The program is designed as place-based economic development: staff described recruiting residents from the Phoenix District interested in launching businesses, supporting them to build business plans and, in some cases, matching them with franchises. “We help them build a business plan … we would match them up with a franchise that aligns with their business plan,” Rose said.

Councilors pressed staff on whether money originally designated for Route 66 beautification or other voter-intended purposes was being repurposed. Staff explained those earlier loans were repaid and, once returned as program income, are no longer legally restricted to the original subproject and become a policy decision for redeployment. Staff pointed to the broader funding context: a portion of an approximately $11 million economic-development bucket from a prior tax is divided into three sub-buckets of roughly $3.6–$3.7 million each, one of which is the retail revitalization pool.

Councilors also sought clarity about HUD’s expectations and restrictions. Staff said the HUD contract looked narrowly tied to the 36th Street North area and that HUD-funded matching dollars would be expected to benefit businesses in that geographic area during HUD’s performance period; loans made under the city program would typically amortize over seven to ten years. Staff cautioned that the contract did not clearly specify long-term program-income language, but added that the housing authority, as the HUD partner, would expect match funds to be available to businesses in the targeted area while the HUD program remained active.

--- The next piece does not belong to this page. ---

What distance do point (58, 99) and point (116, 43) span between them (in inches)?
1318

Councilors asked staff to codify the intended use and any return-to-fund language in the budget amendment and in contract backup materials so the long-term policy intent would be clear if council approves the appropriation on later readings. Staff agreed to update the backup materials for the council to review before second reading.

Discussion points included the degree to which the proposal would focus funds on creating new businesses in an under-served corridor versus using funds to revitalize existing businesses elsewhere in the city, and how much of the retail revitalization bucket would be temporarily designated for the HUD-matched project. No formal vote was recorded during this discussion; staff were directed to update the ordinance backup materials and return the item for further consideration on second reading.

Ending: Councilors asked that policy language clarifying the long-term handling of program income be added to the backup materials before the item returns for second reading.